AIM OF THE TASK » Copy the lines below, please, starting with the one that contains "Brass wall-mounted light" and ending with the last. Pictures stay out.

[SUPPLIED MATERIAL]

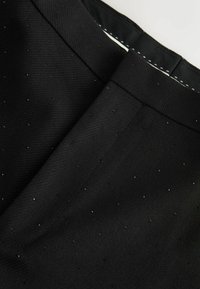 Pantaloni din țesătură neagră cu o textură netedă, cusături subtile și mici puncte reflective dispersate pentru detaliu și accent.
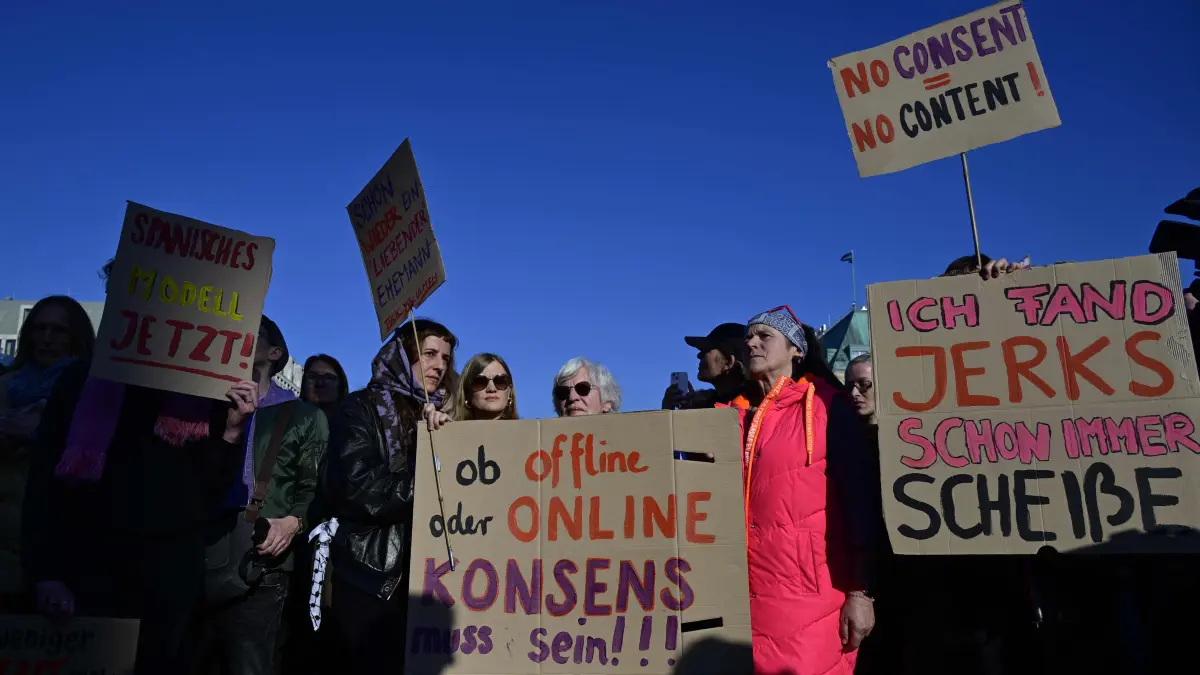 Women hold up placards as they take part in a demonstration organised by the action group "Feminist Fight Club" on March 22, 2026 at the Brandenburg Gate in Berlin, in support of a prominent TV personality who accused her ex-husband of spreading AI-generated pornographic images of her online. The charges brought by German actress and tv presenter Collien Fernandes have triggered intense media debate about the "digital violence" increasingly perpetrated against on the internet, mostly against women. (Photo by John MACDOUGALL / AFP)
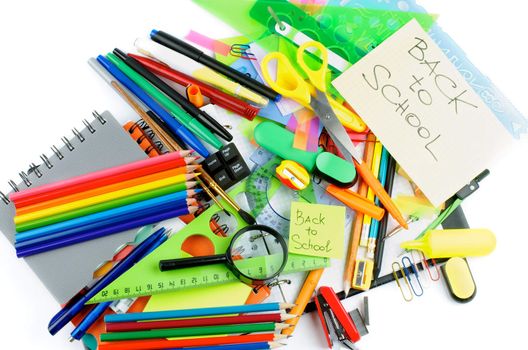 Back to School. Various Stationery Items with Pens, Pencils, Paint Brushes, Felt In Pens, Erasers and Lines on Checked Note Pad isolated on white background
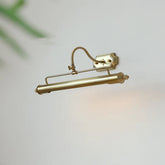 Brass wall-mounted light fixture on a white background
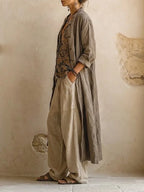 Side profile of the grey linen duster coat worn open over the printed top, showing its flowing floor-length drape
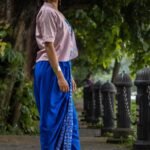 Side angle of CharuNeela 3-piece set styling royal blue dhoti with lightweight beige jacket
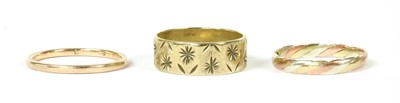 Lot 405 - Three 9ct gold wedding rings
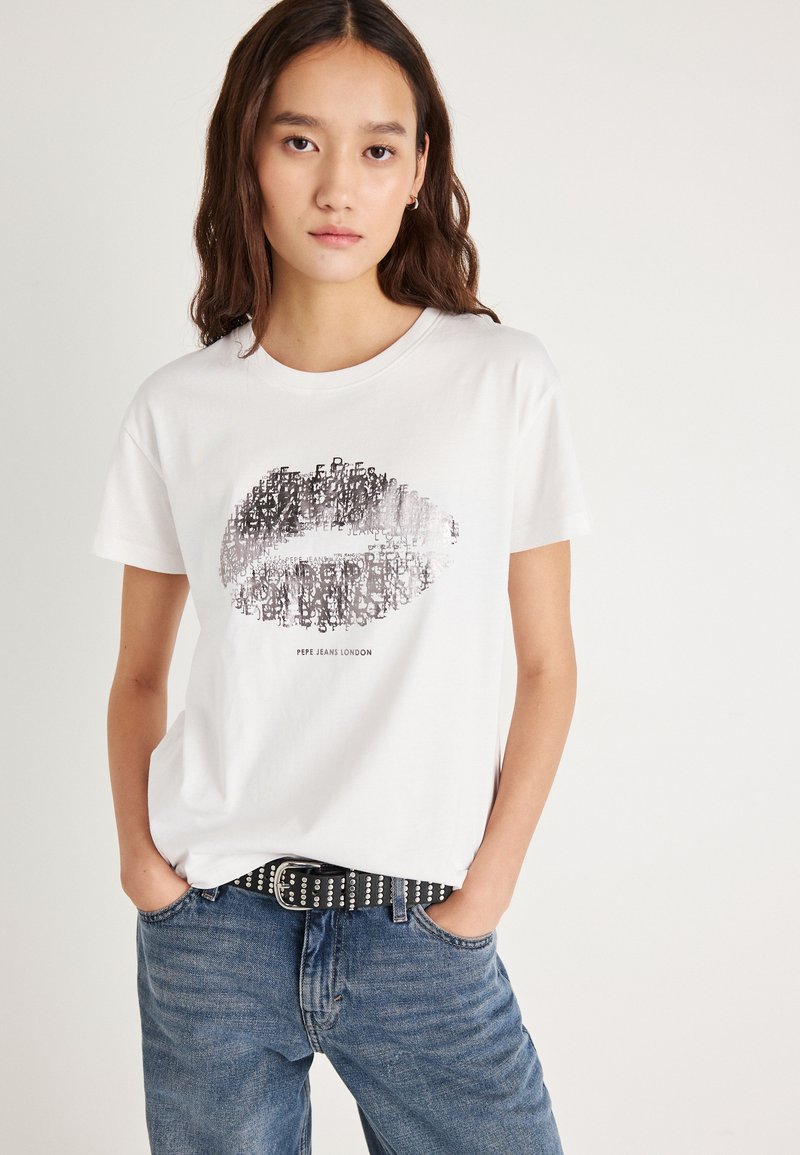 Hvit bomulls-t-skjorte med sort grafikk av lepper og tekst; ledig passform, korte ermer, kombinert med blå jeans og svart belte med nagler.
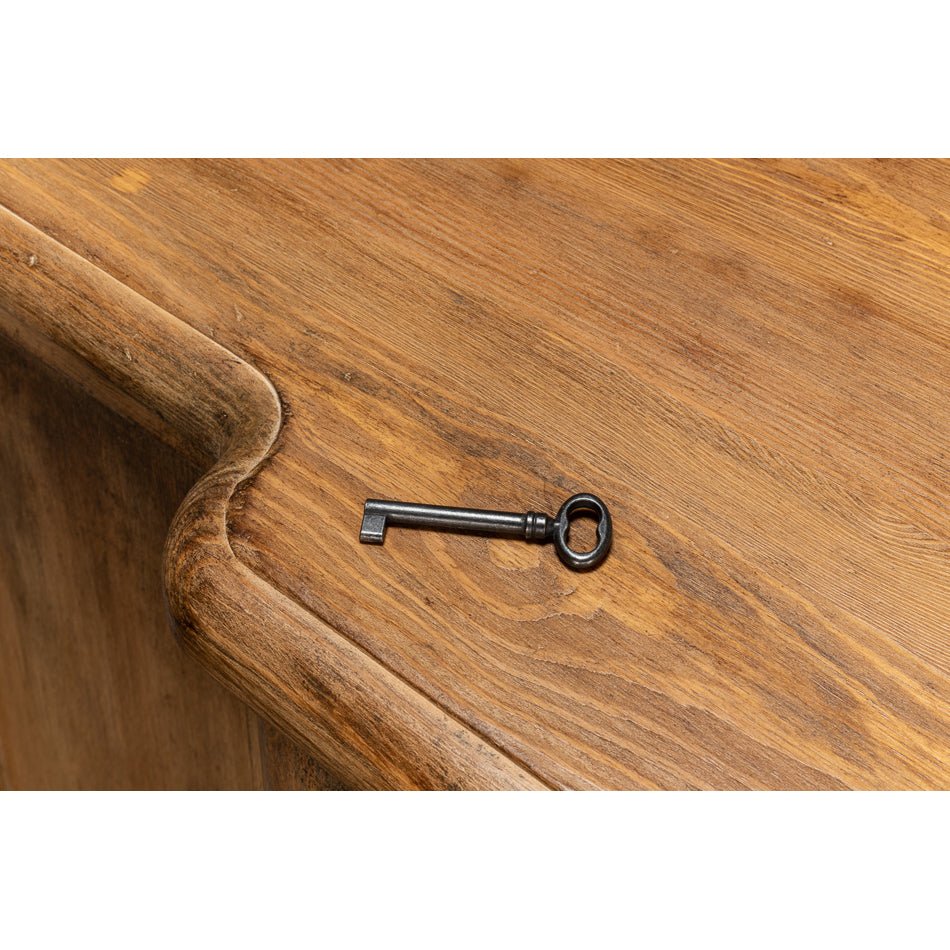 Close-up showing credenza key on top surface.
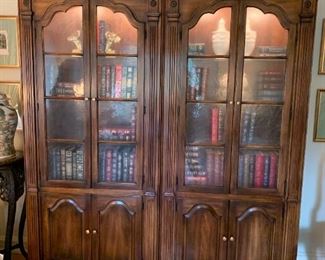 #70	101 leather bound books 10 ea	 $1,010.00 
#71	(2)wood book case with  2 glass door 2 wood doors 4 shelves with light inside 36x14x81 2@200 ea	 $400.00 
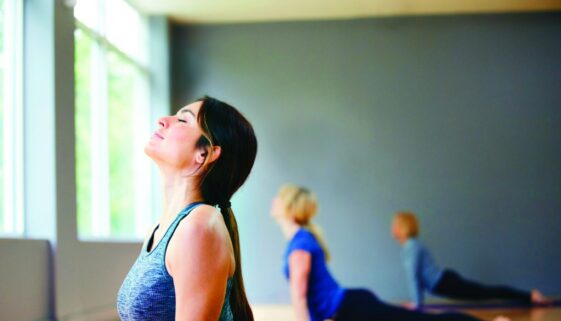 three-females-yoga-class-canyon-ranch-wellness-resort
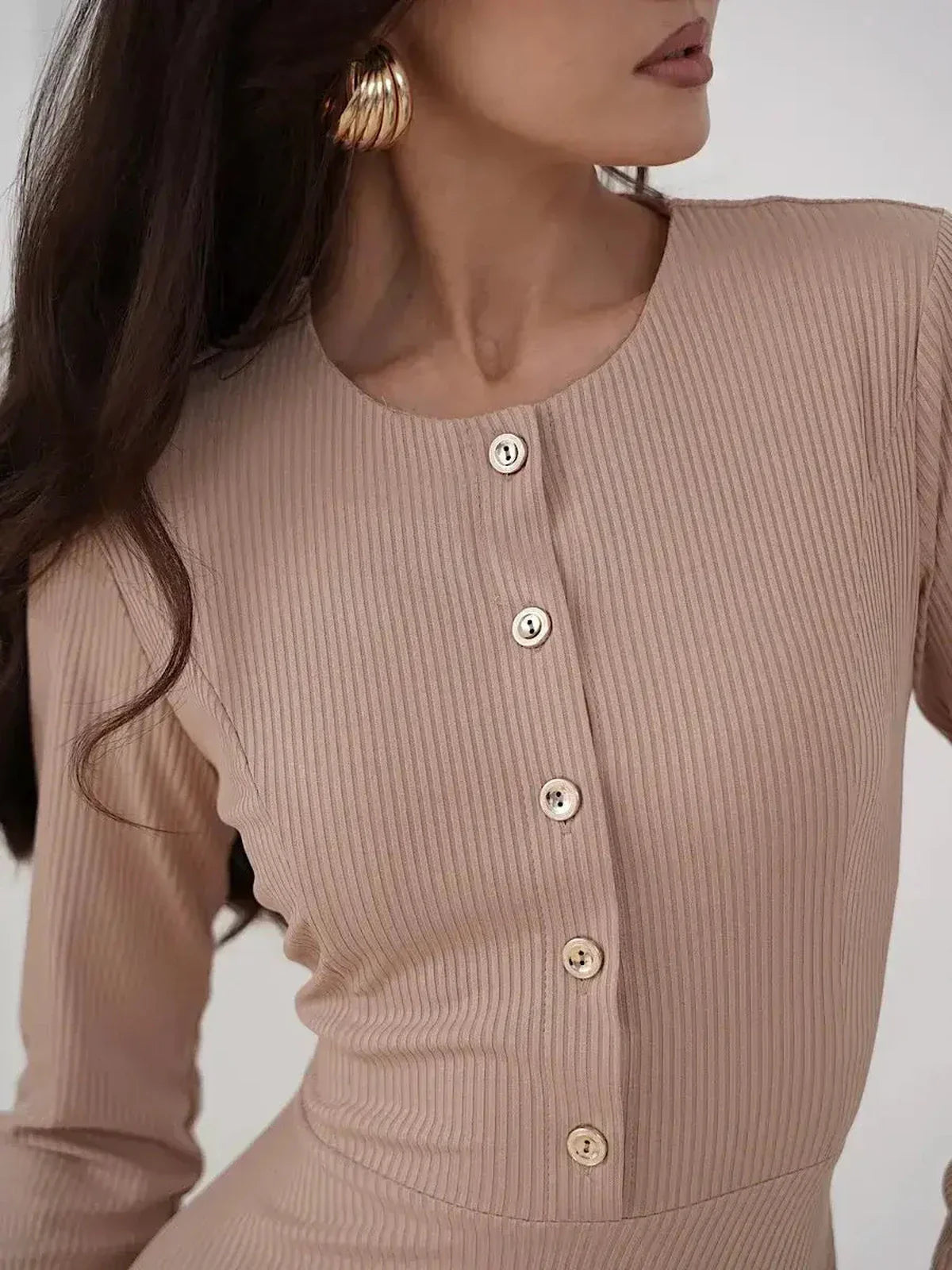 Close-up of the Sculpted Ease Midi Dress in ribbed knit with buttons, highlighting its elegant beige color and tailored fit.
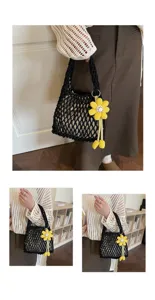 Black crochet net tote bag detail view with cute yellow flower pendant for casual summer beach.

[/SUPPLIED MATERIAL]

RESPONSE AREA »
 Brass wall-mounted light fixture on a white background
 Side profile of the grey linen duster coat worn open over the printed top, showing its flowing floor-length drape
 Side angle of CharuNeela 3-piece set styling royal blue dhoti with lightweight beige jacket
 Lot 405 - Three 9ct gold wedding rings
 Hvit bomulls-t-skjorte med sort grafikk av lepper og tekst; ledig passform, korte ermer, kombinert med blå jeans og svart belte med nagler.
 Close-up showing credenza key on top surface.
 #70	101 leather bound books 10 ea	 $1,010.00 
#71	(2)wood book case with  2 glass door 2 wood doors 4 shelves with light inside 36x14x81 2@200 ea	 $400.00 
 three-females-yoga-class-canyon-ranch-wellness-resort
 Close-up of the Sculpted Ease Midi Dress in ribbed knit with buttons, highlighting its elegant beige color and tailored fit.
 Black crochet net tote bag detail view with cute yellow flower pendant for casual summer beach.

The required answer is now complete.